As far as I can see the client config is consistent with the server configs.

The output I get is:

USAGE: The requested debug level is: 'INFO1', the maximum build level is 'INFO3' the set level is 'INFO1'

USAGE: Loading the server configuration option from: demo/tls/configs/client-no-tls.cfg

INFO: Translation client parameters: { source file = /home/ec2-user/test.zh, source language = Chinese, target file = /home/ec2-user/test.en, target language = English, pre-processor server = WebSocket client parameters: {server_uri = ws://localhost:9004, is_tls_client = false}, translation server = WebSocket client parameters: {server_uri = ws://localhost:9002, is_tls_client = false}, post-processor server = WebSocket client parameters: {server_uri = ws://localhost:9004, is_tls_client = false}, min sentences per request = 100, max sentences per request = 200, request priority = 0, translation info = OFF }

USAGE: Using the file reader!

USAGE: Reading source text from '/home/ec2-user/test.zh'

USAGE: Starting the pre-processor process ...

INFO1: Attempting to connect to the server!

INFO: Starting creating and sending out pre-processor jobs!

USAGE: Waiting for the pre-processor process to finish ...

INFO1: The processor job request chunk 1/1 is sent.

INFO: Sent out 1 pre-processor jobs, waiting for results.

ERROR <incoming_msg.hpp::de_serialize(...):79>: An exception when parsing JSON string: incoming_msg.hpp:77: JSON parse error: 3

ERROR <incoming_msg.hpp::de_serialize(...):80>: Received JSON message data: _websocket_server.hpp::pre_processrequest(...):360: This functionality is not supported!

ERROR <websocket_client_base.hpp::on_message(...):273>: incoming_msg.hpp:81: incoming_msg.hpp:77: JSON parse error: 3

and the client hangs (presumably waiting for completion)

So no binary clashes (clean VM) - hence my thinking there is some change in a dependency somewhere. GCC/G++ version used is 7.3.1 CMAKE version 2.8.12.2 openssl versions OpenSSL 1.0.2k-fips

Linux VM base image: amzn2-ami-hvm-2.0.20200406.0-x86_64-gp2 (ami-01a6e31ac994bbc09)

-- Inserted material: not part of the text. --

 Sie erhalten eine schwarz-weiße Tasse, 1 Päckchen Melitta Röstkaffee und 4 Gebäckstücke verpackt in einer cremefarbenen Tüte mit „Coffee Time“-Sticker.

As far as the 'hot' configuration changes idea goes, I was thinking that one could go one of two ways (or even both). On starting a server, could it notify/register a specified server that it is now ready? I'm guessing the JSON based msg protocol could be simply extended for this purpose?... The point(s) to send notification to could be specified in start-up command line or in the associated config file. Balancers could then propagate msg to other balancers (much like DNS process I guess). The other way is for balancers to query some form of register at regular intervals. Downside of the second is the introduction of another bit of 'infrastructure'. However, the balancer doing a regular polling is possibly worth introducing. One thing we've noticed is that if a server goes down, balancers will still report they can access those servers. A regular 'health-check' would be useful so that we get an indication if a translation service is unavailable, so not to try that service and do an auto reboot (which coupled with hot configuration would give us potential for a degree of system self-maintenance).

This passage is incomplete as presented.